* **TASK INSTRUCTIONS**: Beginning with the line that holds "Václava Budovce z", copy each line through the end of the material below, exactly and with no pictures.

· · ·

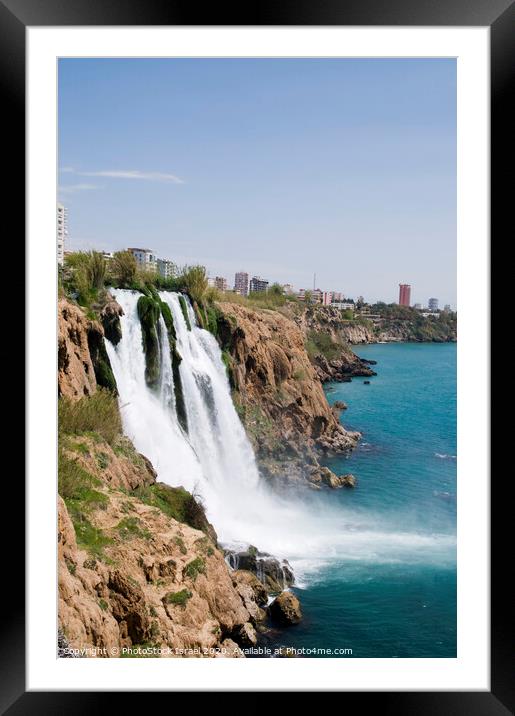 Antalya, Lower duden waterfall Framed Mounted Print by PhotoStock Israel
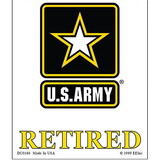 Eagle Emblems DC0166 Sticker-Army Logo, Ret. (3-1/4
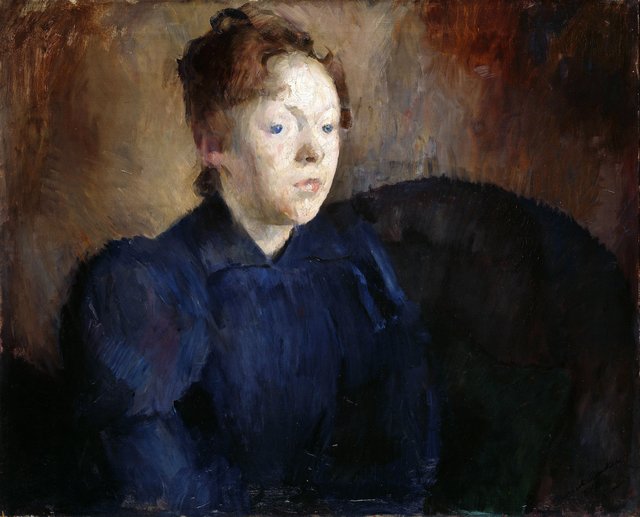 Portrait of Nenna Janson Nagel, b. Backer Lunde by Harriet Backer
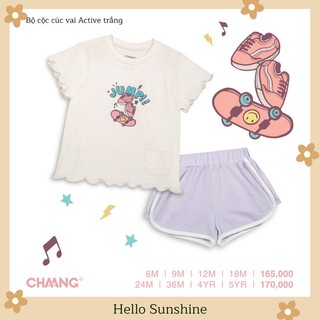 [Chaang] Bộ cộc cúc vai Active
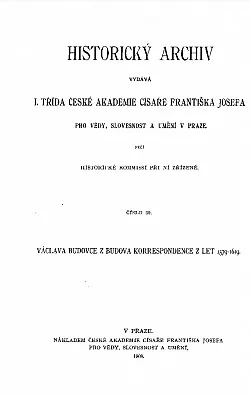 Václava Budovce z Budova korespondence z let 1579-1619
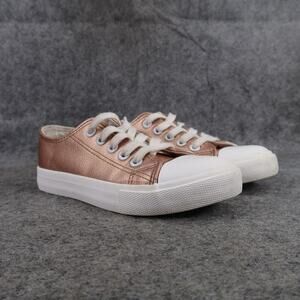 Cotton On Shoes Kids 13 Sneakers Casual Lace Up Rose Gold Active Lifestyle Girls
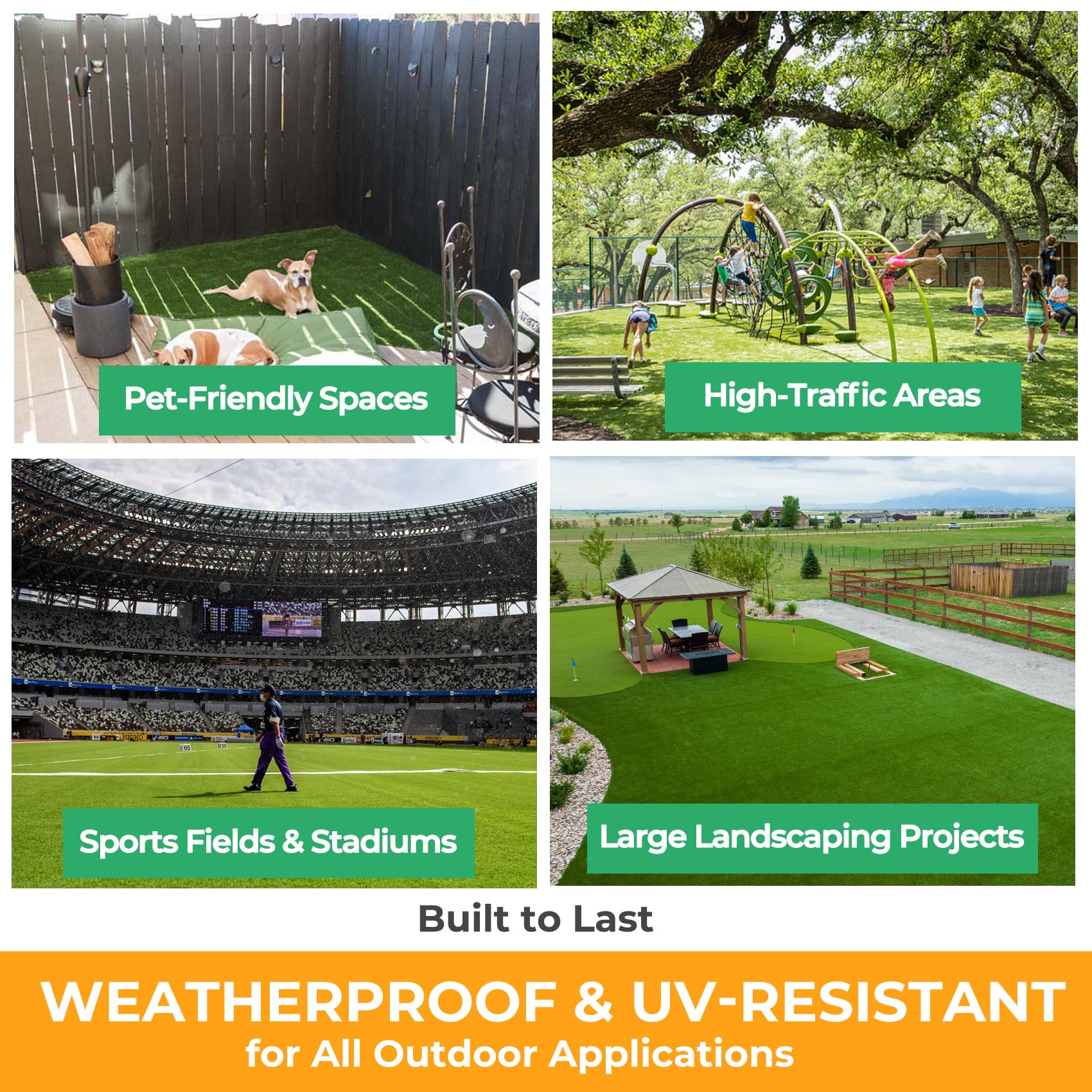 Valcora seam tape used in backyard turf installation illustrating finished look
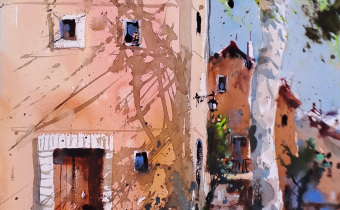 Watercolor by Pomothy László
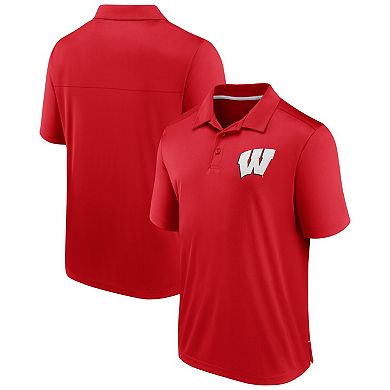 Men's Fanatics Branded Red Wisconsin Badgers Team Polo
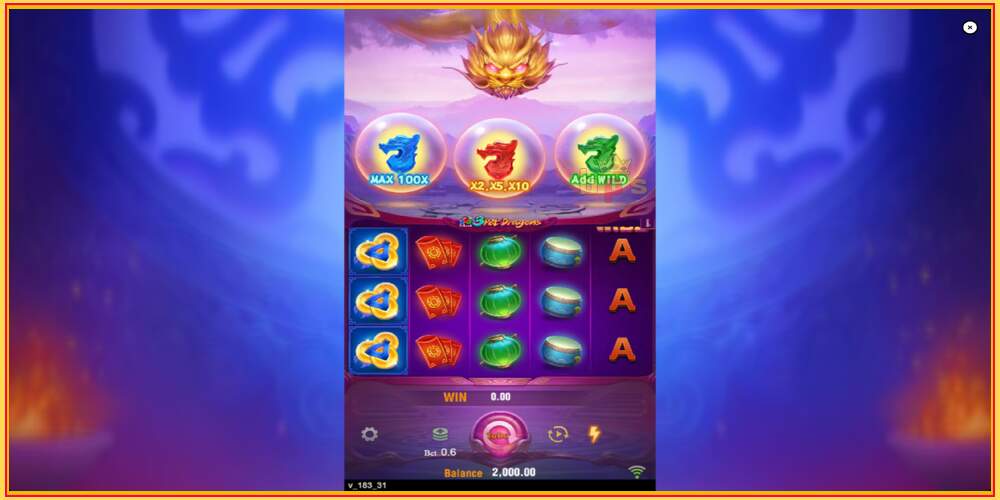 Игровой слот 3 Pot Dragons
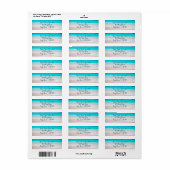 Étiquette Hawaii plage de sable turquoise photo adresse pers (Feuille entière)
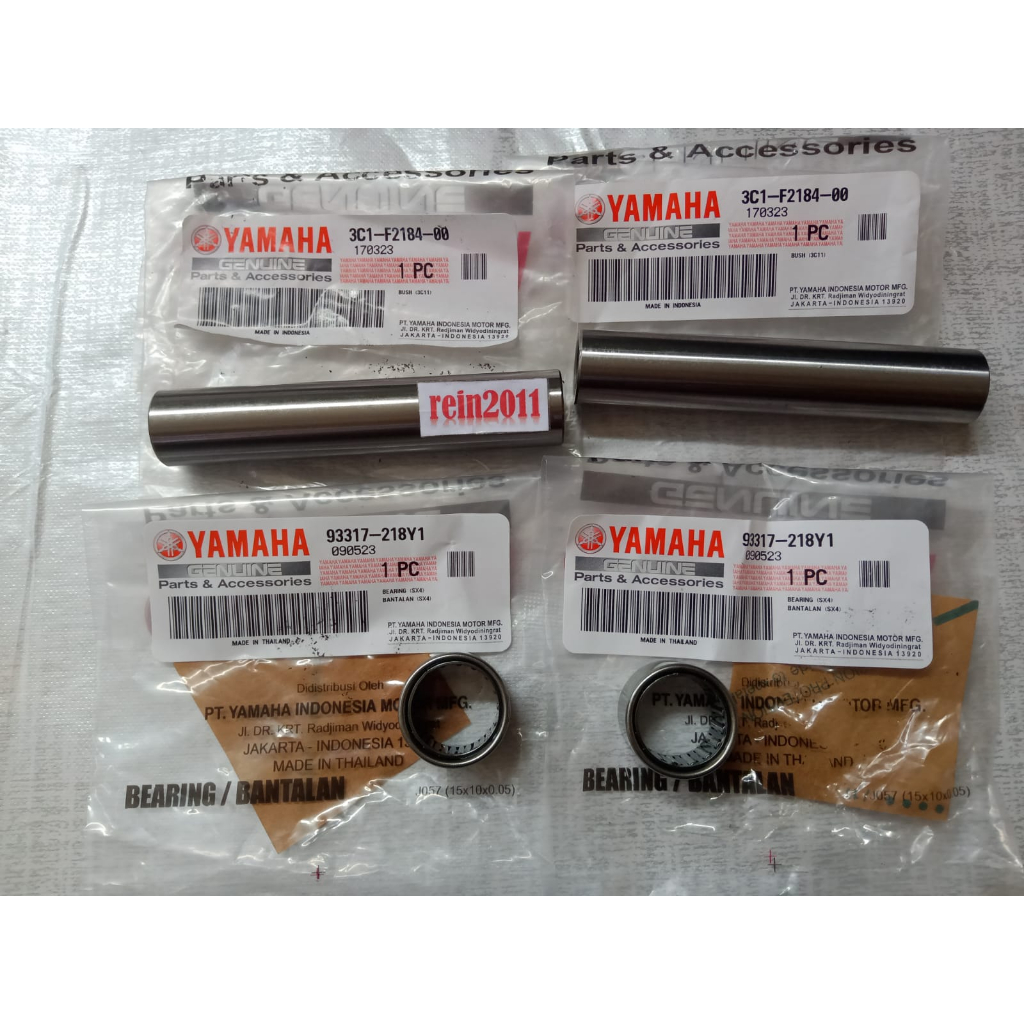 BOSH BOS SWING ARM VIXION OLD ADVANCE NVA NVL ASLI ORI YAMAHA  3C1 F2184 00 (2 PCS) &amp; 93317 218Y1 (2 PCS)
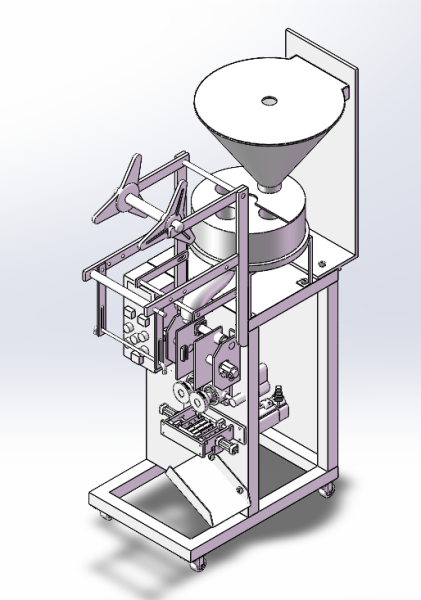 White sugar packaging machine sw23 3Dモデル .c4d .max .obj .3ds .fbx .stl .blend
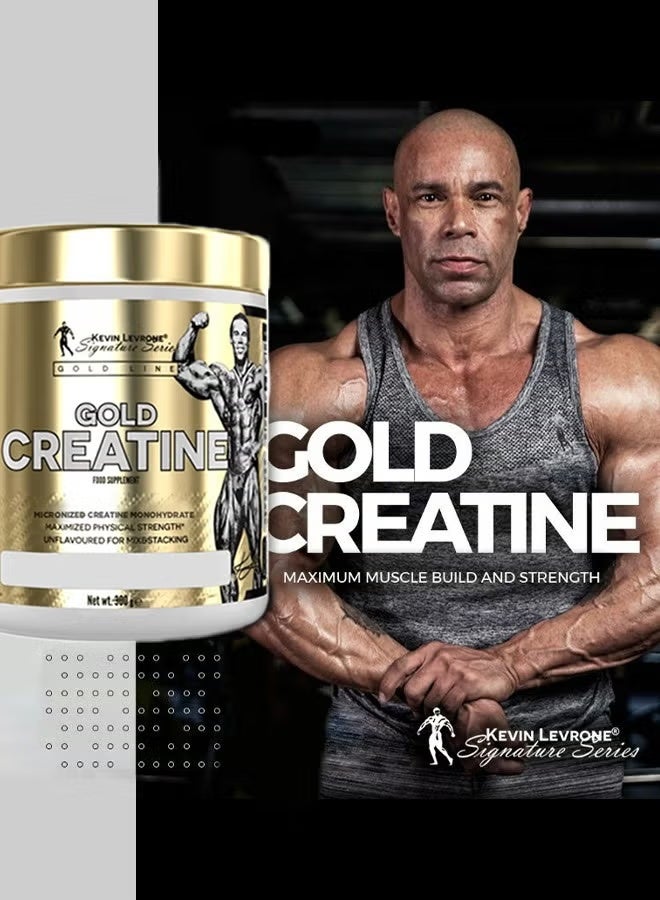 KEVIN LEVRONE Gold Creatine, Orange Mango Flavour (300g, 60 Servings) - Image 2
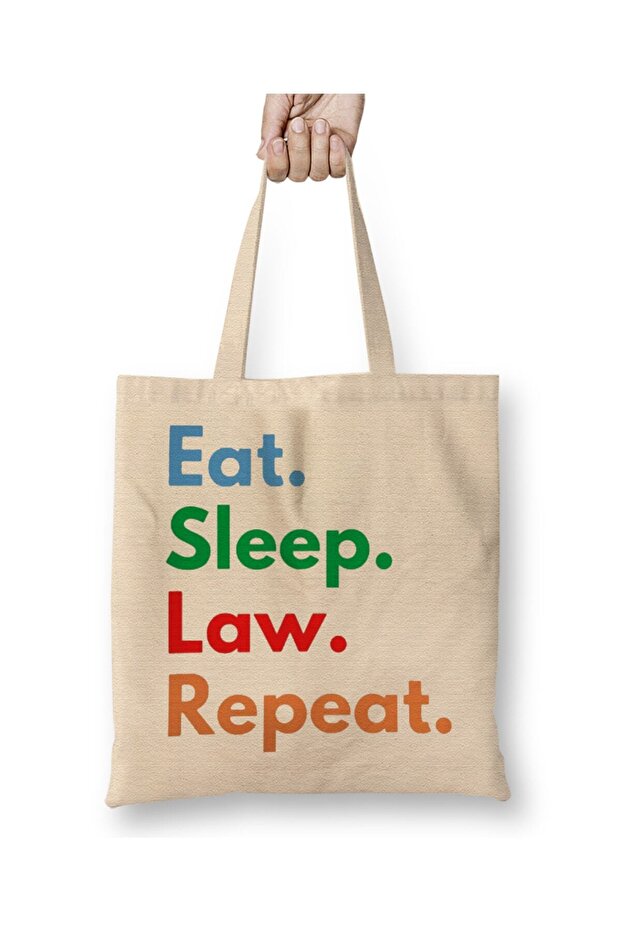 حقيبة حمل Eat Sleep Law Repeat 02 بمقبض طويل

· · ·

* **REPLY**:
 Václava Budovce z Budova korespondence z let 1579-1619
 Cotton On Shoes Kids 13 Sneakers Casual Lace Up Rose Gold Active Lifestyle Girls
 Valcora seam tape used in backyard turf installation illustrating finished look
 Watercolor by Pomothy László
 Men's Fanatics Branded Red Wisconsin Badgers Team Polo
 Игровой слот 3 Pot Dragons
 Étiquette Hawaii plage de sable turquoise photo adresse pers (Feuille entière)
 BOSH BOS SWING ARM VIXION OLD ADVANCE NVA NVL ASLI ORI YAMAHA  3C1 F2184 00 (2 PCS) &amp; 93317 218Y1 (2 PCS)
 White sugar packaging machine sw23 3Dモデル .c4d .max .obj .3ds .fbx .stl .blend
 KEVIN LEVRONE Gold Creatine, Orange Mango Flavour (300g, 60 Servings) - Image 2
 حقيبة حمل Eat Sleep Law Repeat 02 بمقبض طويل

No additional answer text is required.